**Work required**
Can you print the data exactly and leave out each image?

**Saved entries**
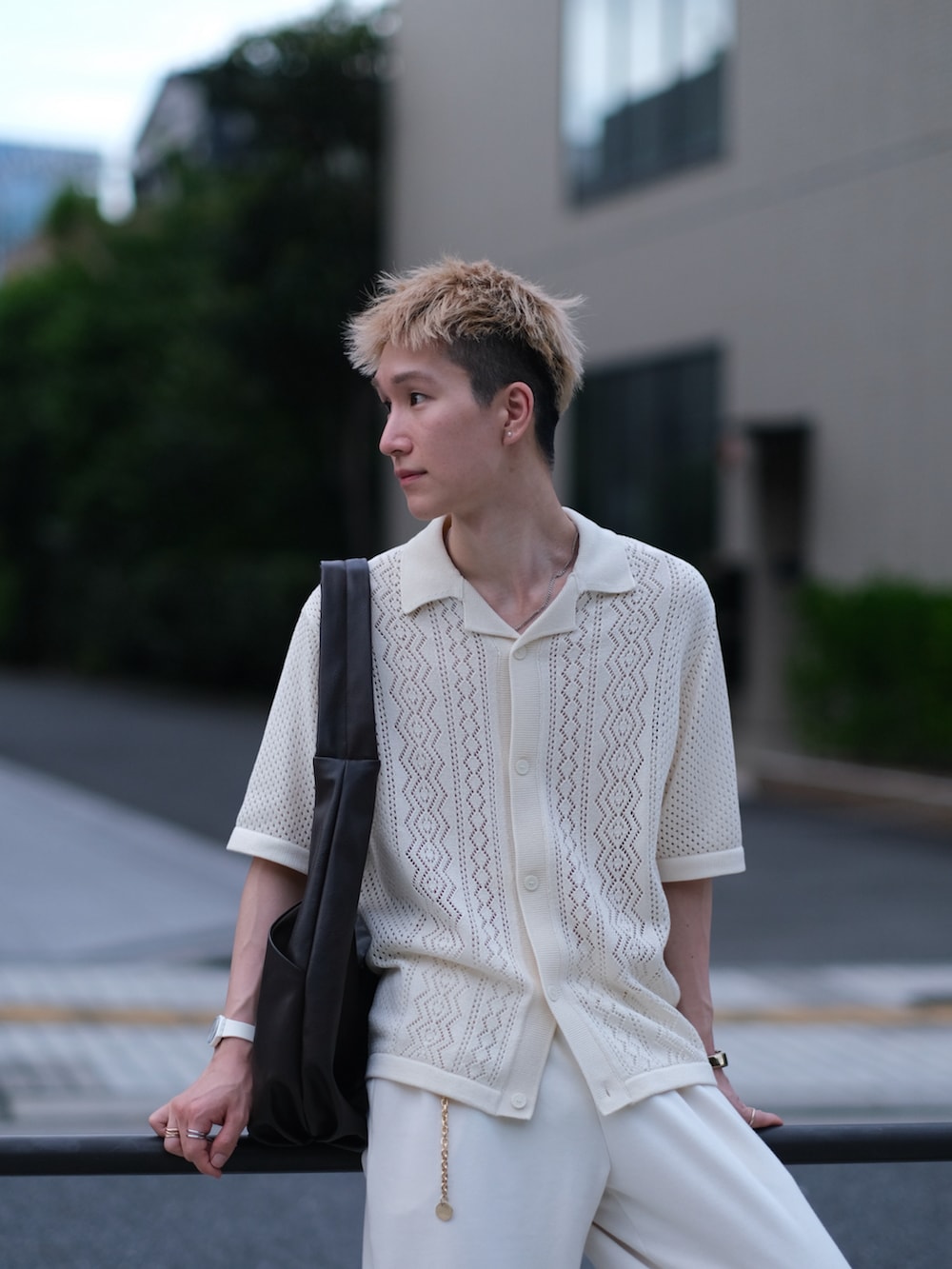 ホワイト系のシャツ/ブラウス、ホワイト系のスウェットパンツ、ブラウン系のショルダーバッグを着用したメンズの夏コーディネートの3枚目の写真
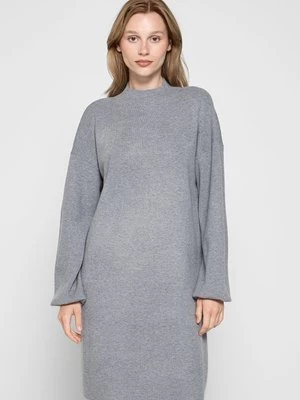 Obrázek produktu Pletené šaty Vero Moda Tall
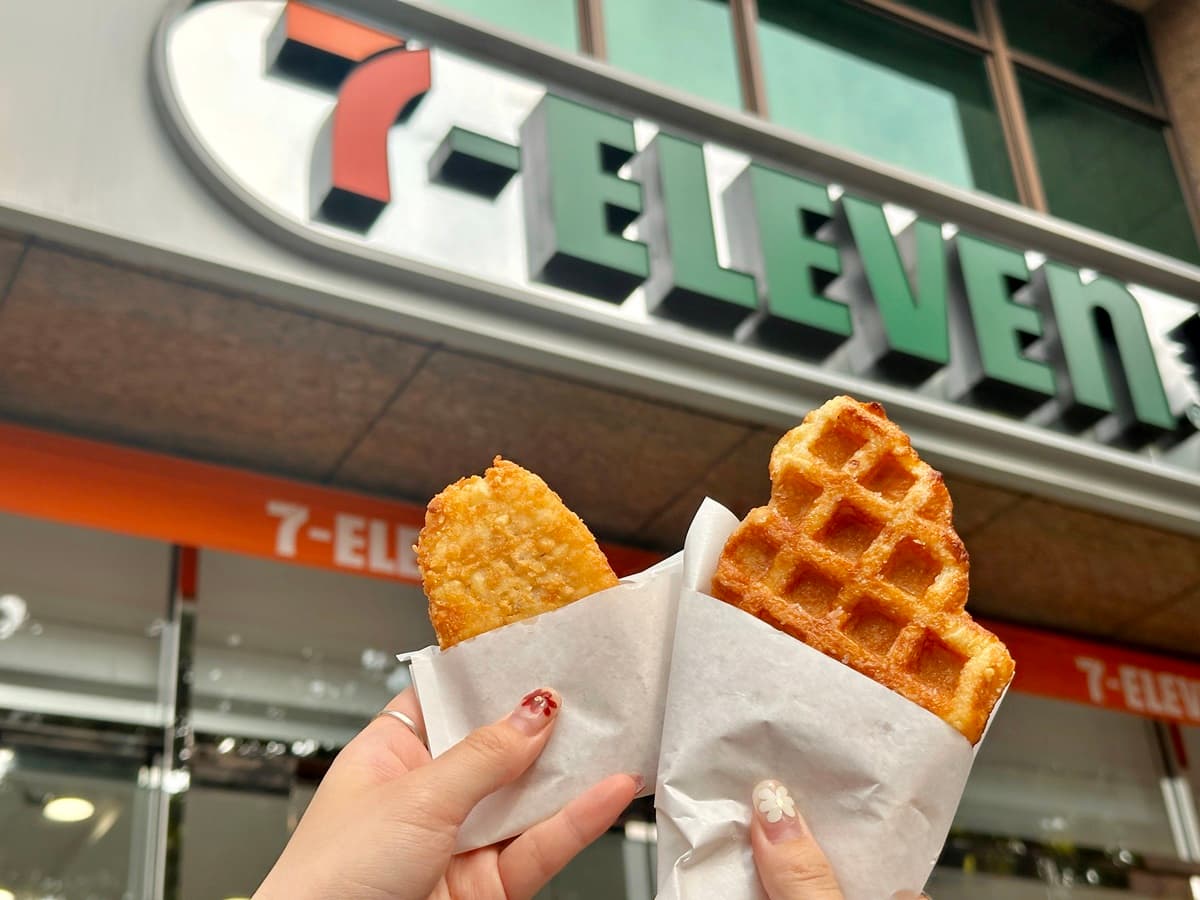 小七24小時吃薯餅、可頌鬆餅!7-11咖啡買2送2,獨家櫻花可爾必思霜淇淋 小七24小時吃薯餅、可頌鬆餅!7-11咖啡買2送2,獨家櫻花可爾必思霜淇淋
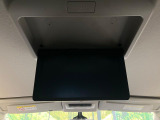 【フリップダウンモニター】大画面モニターで後席でもエンタメをお楽しみいただけます。小さなお子様にも大人気の装備です♪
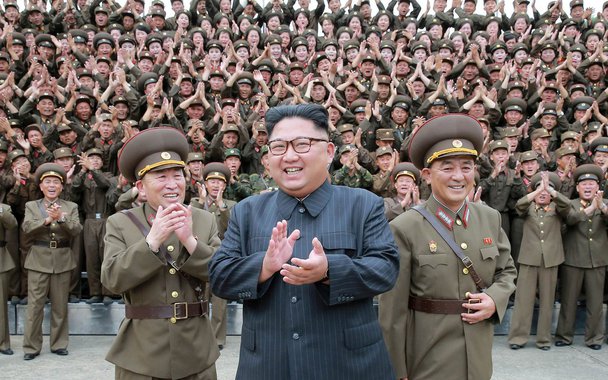 Cerca de 4.7 milhões de estudantes e trabalhadores da Coreia do Norte se ofereceram como voluntários para se alistar no exército desde que o líder do país, Kim Jong-un, ameaçou com represálias os EUA na semana passada; nos últimos seis dias, milhões de jovens, incluindo 1,22 milhão de mulheres voluntárias, decidiram se alistar no exército para proteger seu país da ameaça norte-american; situação na península da Coreia se agravou devido aos recentes lançamentos de mísseis de Pyongyang e testes nucleares, todos conduzidos em discordância com resoluções da ONU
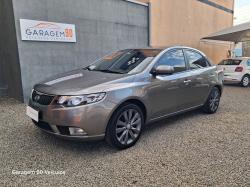 KIA Cerato Sedan 1.6 16V 4P SX3 AUTOMTICO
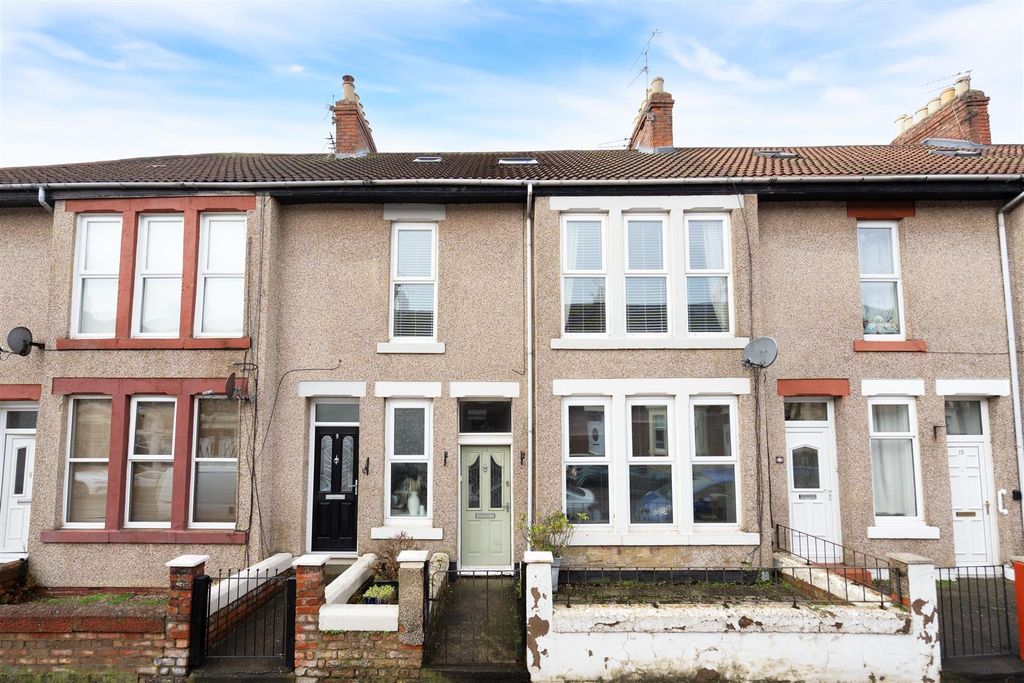 Property photo 1 of 8 External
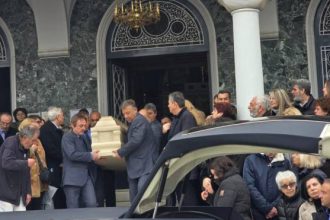 Λάρισα: Σε κλίμα οδύνης η κηδεία του 39χρονου Βασίλη Καλογήρου (ΦΩΤΟ & ΒΙΝΤΕΟ)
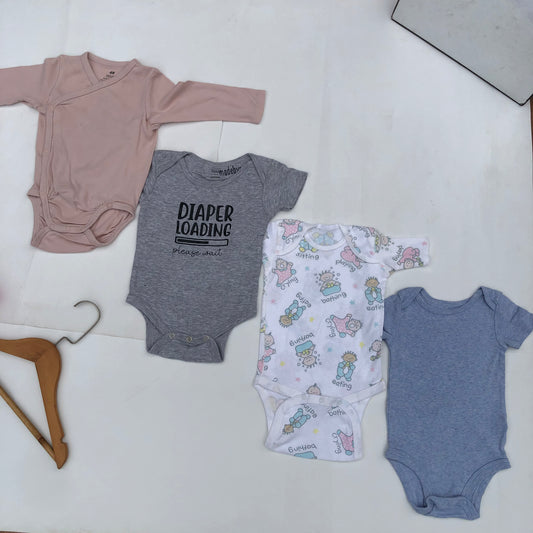900 Naira Bodysuits Bundle178 For 6-9 months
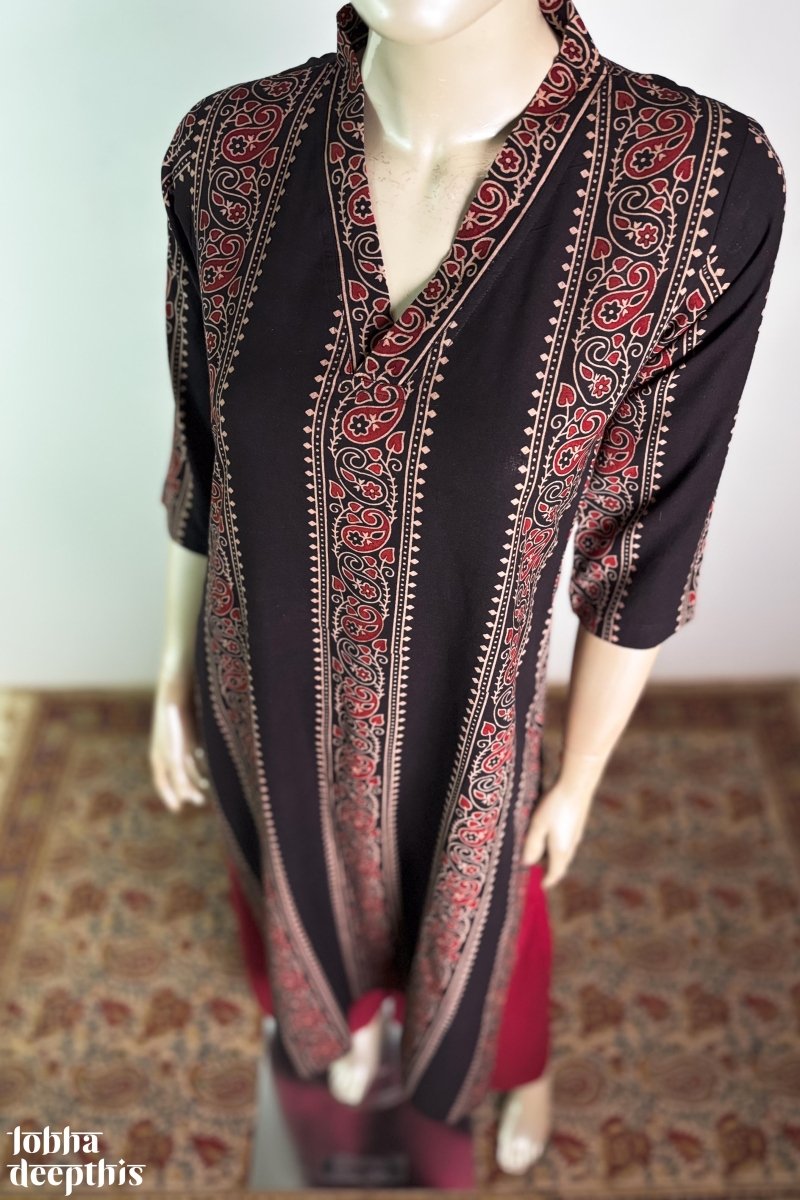 Paisley Stripes Black Straight Kurta - Lobha Deepthis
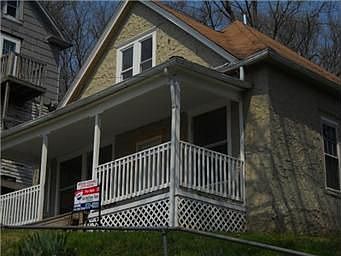 2nd image of 310 Edwards St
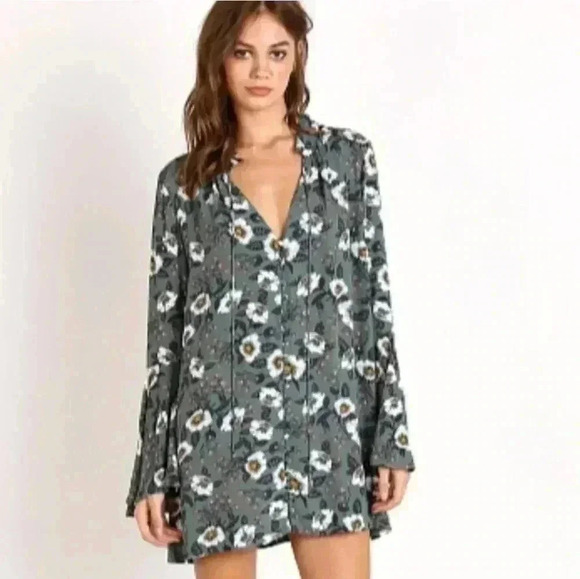 FREE PEOPLE Boho Green Floral Magic Mystery Tunic Oversized Blouse Sz S/P - Picture 1 of 11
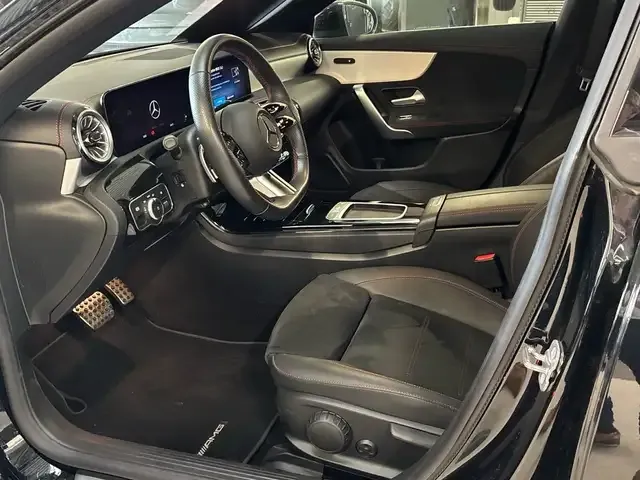 Mercedes-Benz CLA 220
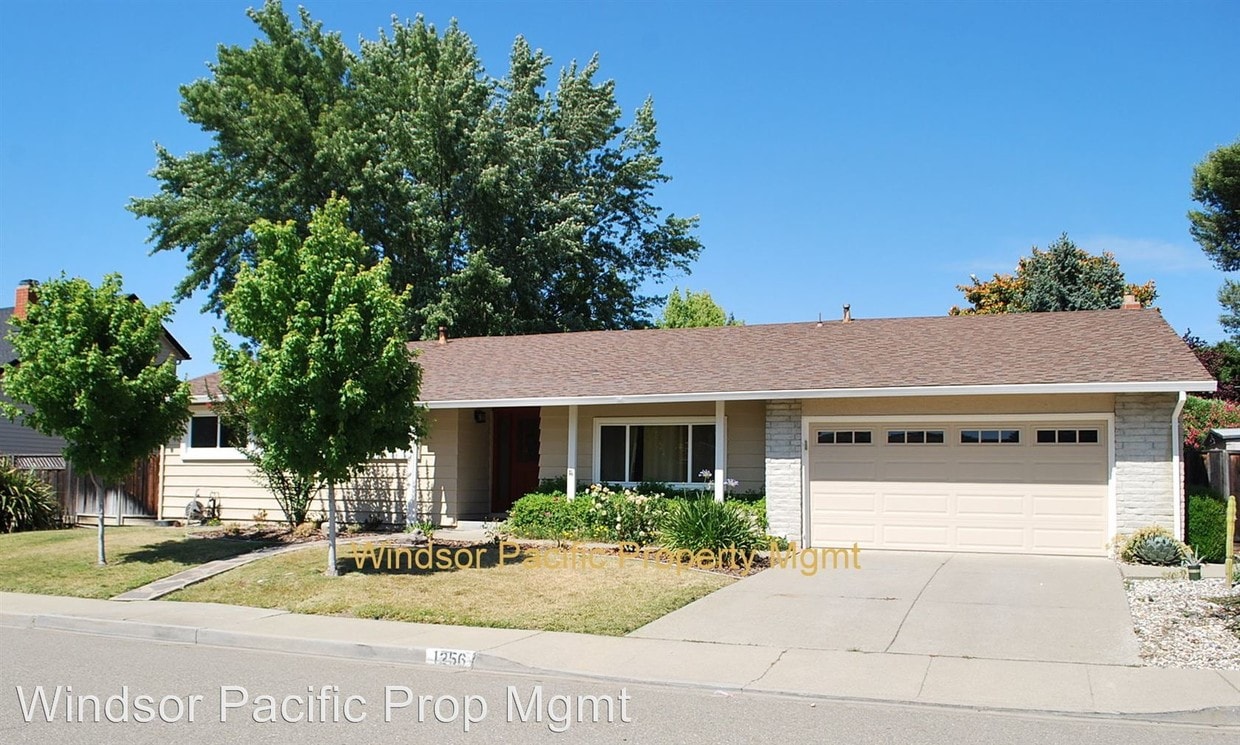 Primary Photo - 4 br, 2 bath House - 1256 Terrebonne Drive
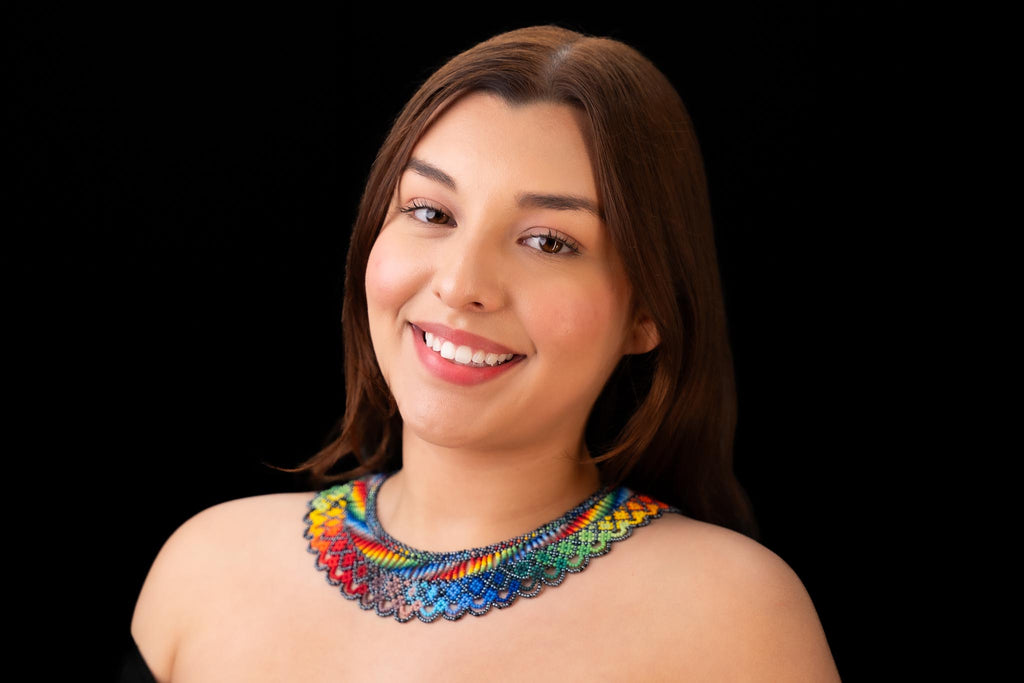 Handmade Glass Bead Necklace – Ecuadorian Craftsmanship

**Task output**
 ホワイト系のシャツ/ブラウス、ホワイト系のスウェットパンツ、ブラウン系のショルダーバッグを着用したメンズの夏コーディネートの3枚目の写真
 Obrázek produktu Pletené šaty Vero Moda Tall
 小七24小時吃薯餅、可頌鬆餅!7-11咖啡買2送2,獨家櫻花可爾必思霜淇淋 小七24小時吃薯餅、可頌鬆餅!7-11咖啡買2送2,獨家櫻花可爾必思霜淇淋
 【フリップダウンモニター】大画面モニターで後席でもエンタメをお楽しみいただけます。小さなお子様にも大人気の装備です♪
 Cerca de 4.7 milhões de estudantes e trabalhadores da Coreia do Norte se ofereceram como voluntários para se alistar no exército desde que o líder do país, Kim Jong-un, ameaçou com represálias os EUA na semana passada; nos últimos seis dias, milhões de jovens, incluindo 1,22 milhão de mulheres voluntárias, decidiram se alistar no exército para proteger seu país da ameaça norte-american; situação na península da Coreia se agravou devido aos recentes lançamentos de mísseis de Pyongyang e testes nucleares, todos conduzidos em discordância com resoluções da ONU
 KIA Cerato Sedan 1.6 16V 4P SX3 AUTOMTICO
 Property photo 1 of 8 External
 Λάρισα: Σε κλίμα οδύνης η κηδεία του 39χρονου Βασίλη Καλογήρου (ΦΩΤΟ & ΒΙΝΤΕΟ)
900 Naira Bodysuits Bundle178 For 6-9 months
 Paisley Stripes Black Straight Kurta - Lobha Deepthis
 2nd image of 310 Edwards St
 FREE PEOPLE Boho Green Floral Magic Mystery Tunic Oversized Blouse Sz S/P - Picture 1 of 11
 Mercedes-Benz CLA 220
 Primary Photo - 4 br, 2 bath House - 1256 Terrebonne Drive
 Handmade Glass Bead Necklace – Ecuadorian Craftsmanship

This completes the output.